There is a continuing and frantic effort on the part of the microelectronics manufacturers to make smaller and smaller devices. Companies that cannot keep pace with these advances quickly disappear from the market place and sadly many with famous names like Siemens, Motorola and Sony have fallen by the wayside. Photolithography, the process that has enabled the production of all of today’s microelectronic devices has now reached physical limits. Efforts to push that technology to provide still higher resolution by the historical paths of wave length reduction, increase in numerical aperture and reduction in the Raleigh constant have been abandoned. Is this the end? Can scaling continue??
Various incredibly clever tricks based on relatively simple chemical principles have been devised that extend the resolution limits of photolithography, some of which are already in use in full scale manufacturing. Unfortunately, these tricks add complexity to the patterning process and carry an associated increase in cost. The high cost of these clever, but complex processes and the even higher cost of the alternatives threatens to change the economics of the semiconductor manufacturing industry. We will review some of these resolution extension tricks including recent advances in organic materials for directed self-assembly of block co-polymers and a new technique that doubles the resolution of the projection printing process by controlling the kinetics of some key photochemical steps, but requires no extra processing steps. There are many challenges and many opportunities in this field for chemists, polymer scientists and process engineers.
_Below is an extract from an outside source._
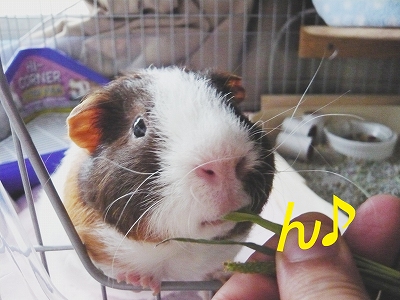 ん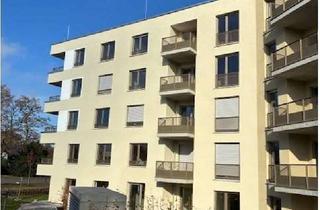 Wohnung mieten in August-Dosenbach-Straße 13 a, 76189 Daxlanden, Große Zwei-Zimmer-Wohnung mit Gartenanteil (Nr. 01)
Dr. Grant Willson joined the faculties of the Departments of Chemical Engineering and Chemistry at The University of Texas at Austin in 1993 where he holds the Rashid Engineering Regent’s Chair. He received his B.S. and Ph.D. in organic chemistry from the University of California, Berkeley, and an M.S. degree in Organic Chemistry from San Diego State University. He came to the University of Texas from his position as an IBM Fellow and Manager of the Polymer Science and Technology area at the IBM Almaden Research Center in San Jose, California. He joined IBM after serving on the faculties of California State University, Long Beach and the University of California, San Diego. Willson is a member of the ACS, AIChE, APS, SPIE, ASEE, SPE and Sigma Xi and is a member of the National Academy of Engineering. He is an associate editor of ACS NANO and serves on the advisory board for several journals in materials science. He is the co-author of more than 400 journal publications, editor and author of several books and co-inventor on more than 40 issued patents. He also is a co-founder of Molecular Imprints, Inc. in Austin Texas.
Willson's research can be characterized as the design and synthesis of functional organic materials with more recent emphasis on materials that undergo specific interactions with radiation. These include monomeric and polymeric liquid crystalline materials, polymeric non-linear optical materials, novel photoresist materials, etc. His work has been recognized by the Gordon E. Moore Medal from the Electro-Chemical Society, the SEMI North America Award, the SPIE Frits Zernike Award, the Arthur Doolittle,the Chemistry of Materials, Applied Polymer Science, the Heroes in Chemistry, Cooperative Research and the Carothers Awards from the American Chemical Society and the Alexander von Humboldt Senior Scientist Award from the Federal Republic of Germany. He also received the SRC Technical Excellence Award, the SRC Aristotle Award, the Malcolm E. Pruitt Award The Kosar Award, the Zernike Award and other honors. He was the recipient of the National Academy of Sciences Award for Chemistry in Service to Society. He was elected a Fellow of IBM, SPIE and MRS and was an inaugural Fellow of the ACS. President George W. Bush presented him with the 2007 National Medal of Technology and Innovation.